Exercise directions:
Reproduce the data shown below exactly.

Extracted entries:
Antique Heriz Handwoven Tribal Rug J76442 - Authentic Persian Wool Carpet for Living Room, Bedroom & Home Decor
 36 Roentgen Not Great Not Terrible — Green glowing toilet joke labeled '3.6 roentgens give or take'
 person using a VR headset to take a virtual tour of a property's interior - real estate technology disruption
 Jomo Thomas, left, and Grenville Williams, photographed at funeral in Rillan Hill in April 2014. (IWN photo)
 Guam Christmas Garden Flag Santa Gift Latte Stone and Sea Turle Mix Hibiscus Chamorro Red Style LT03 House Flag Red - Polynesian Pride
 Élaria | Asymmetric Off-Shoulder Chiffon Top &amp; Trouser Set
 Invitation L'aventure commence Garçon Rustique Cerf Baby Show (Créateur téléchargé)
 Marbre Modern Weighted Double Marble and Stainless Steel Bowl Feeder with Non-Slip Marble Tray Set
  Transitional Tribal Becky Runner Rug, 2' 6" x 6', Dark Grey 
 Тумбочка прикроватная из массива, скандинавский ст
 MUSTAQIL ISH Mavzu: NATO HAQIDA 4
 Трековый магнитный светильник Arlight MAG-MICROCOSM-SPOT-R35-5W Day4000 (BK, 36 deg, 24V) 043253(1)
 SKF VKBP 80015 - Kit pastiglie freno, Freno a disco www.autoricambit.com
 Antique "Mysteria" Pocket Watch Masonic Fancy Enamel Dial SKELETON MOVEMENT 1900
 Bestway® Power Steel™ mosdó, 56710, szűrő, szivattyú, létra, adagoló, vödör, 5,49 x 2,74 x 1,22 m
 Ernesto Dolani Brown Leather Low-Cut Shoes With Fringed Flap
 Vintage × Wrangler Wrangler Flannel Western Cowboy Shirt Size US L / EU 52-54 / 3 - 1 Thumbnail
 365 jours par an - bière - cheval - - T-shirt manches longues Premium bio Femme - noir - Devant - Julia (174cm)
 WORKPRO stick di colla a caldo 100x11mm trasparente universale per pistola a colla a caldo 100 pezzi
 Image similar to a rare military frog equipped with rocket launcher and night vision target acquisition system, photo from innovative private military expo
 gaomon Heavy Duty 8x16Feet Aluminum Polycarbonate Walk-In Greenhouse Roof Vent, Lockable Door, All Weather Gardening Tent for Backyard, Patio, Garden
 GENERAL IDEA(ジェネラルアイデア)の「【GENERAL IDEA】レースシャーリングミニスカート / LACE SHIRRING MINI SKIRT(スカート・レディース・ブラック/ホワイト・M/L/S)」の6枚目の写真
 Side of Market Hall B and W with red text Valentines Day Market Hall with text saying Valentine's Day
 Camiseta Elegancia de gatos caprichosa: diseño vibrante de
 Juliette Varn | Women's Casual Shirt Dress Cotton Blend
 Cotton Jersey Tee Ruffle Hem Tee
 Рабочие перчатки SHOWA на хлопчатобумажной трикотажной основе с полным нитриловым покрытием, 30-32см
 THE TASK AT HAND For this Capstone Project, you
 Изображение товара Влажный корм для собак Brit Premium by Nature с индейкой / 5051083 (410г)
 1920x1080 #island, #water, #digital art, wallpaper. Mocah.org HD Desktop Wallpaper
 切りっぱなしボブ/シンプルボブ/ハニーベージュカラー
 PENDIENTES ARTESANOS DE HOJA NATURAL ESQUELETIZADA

Solution to the problem:
Antique Heriz Handwoven Tribal Rug J76442 - Authentic Persian Wool Carpet for Living Room, Bedroom & Home Decor
 36 Roentgen Not Great Not Terrible — Green glowing toilet joke labeled '3.6 roentgens give or take'
 person using a VR headset to take a virtual tour of a property's interior - real estate technology disruption
 Jomo Thomas, left, and Grenville Williams, photographed at funeral in Rillan Hill in April 2014. (IWN photo)
 Guam Christmas Garden Flag Santa Gift Latte Stone and Sea Turle Mix Hibiscus Chamorro Red Style LT03 House Flag Red - Polynesian Pride
 Élaria | Asymmetric Off-Shoulder Chiffon Top &amp; Trouser Set
 Invitation L'aventure commence Garçon Rustique Cerf Baby Show (Créateur téléchargé)
 Marbre Modern Weighted Double Marble and Stainless Steel Bowl Feeder with Non-Slip Marble Tray Set
  Transitional Tribal Becky Runner Rug, 2' 6" x 6', Dark Grey 
 Тумбочка прикроватная из массива, скандинавский ст
 MUSTAQIL ISH Mavzu: NATO HAQIDA 4
 Трековый магнитный светильник Arlight MAG-MICROCOSM-SPOT-R35-5W Day4000 (BK, 36 deg, 24V) 043253(1)
 SKF VKBP 80015 - Kit pastiglie freno, Freno a disco www.autoricambit.com
 Antique "Mysteria" Pocket Watch Masonic Fancy Enamel Dial SKELETON MOVEMENT 1900
 Bestway® Power Steel™ mosdó, 56710, szűrő, szivattyú, létra, adagoló, vödör, 5,49 x 2,74 x 1,22 m
 Ernesto Dolani Brown Leather Low-Cut Shoes With Fringed Flap
 Vintage × Wrangler Wrangler Flannel Western Cowboy Shirt Size US L / EU 52-54 / 3 - 1 Thumbnail
 365 jours par an - bière - cheval - - T-shirt manches longues Premium bio Femme - noir - Devant - Julia (174cm)
 WORKPRO stick di colla a caldo 100x11mm trasparente universale per pistola a colla a caldo 100 pezzi
 Image similar to a rare military frog equipped with rocket launcher and night vision target acquisition system, photo from innovative private military expo
 gaomon Heavy Duty 8x16Feet Aluminum Polycarbonate Walk-In Greenhouse Roof Vent, Lockable Door, All Weather Gardening Tent for Backyard, Patio, Garden
 GENERAL IDEA(ジェネラルアイデア)の「【GENERAL IDEA】レースシャーリングミニスカート / LACE SHIRRING MINI SKIRT(スカート・レディース・ブラック/ホワイト・M/L/S)」の6枚目の写真
 Side of Market Hall B and W with red text Valentines Day Market Hall with text saying Valentine's Day
 Camiseta Elegancia de gatos caprichosa: diseño vibrante de
 Juliette Varn | Women's Casual Shirt Dress Cotton Blend
 Cotton Jersey Tee Ruffle Hem Tee
 Рабочие перчатки SHOWA на хлопчатобумажной трикотажной основе с полным нитриловым покрытием, 30-32см
 THE TASK AT HAND For this Capstone Project, you
 Изображение товара Влажный корм для собак Brit Premium by Nature с индейкой / 5051083 (410г)
 1920x1080 #island, #water, #digital art, wallpaper. Mocah.org HD Desktop Wallpaper
 切りっぱなしボブ/シンプルボブ/ハニーベージュカラー
 PENDIENTES ARTESANOS DE HOJA NATURAL ESQUELETIZADA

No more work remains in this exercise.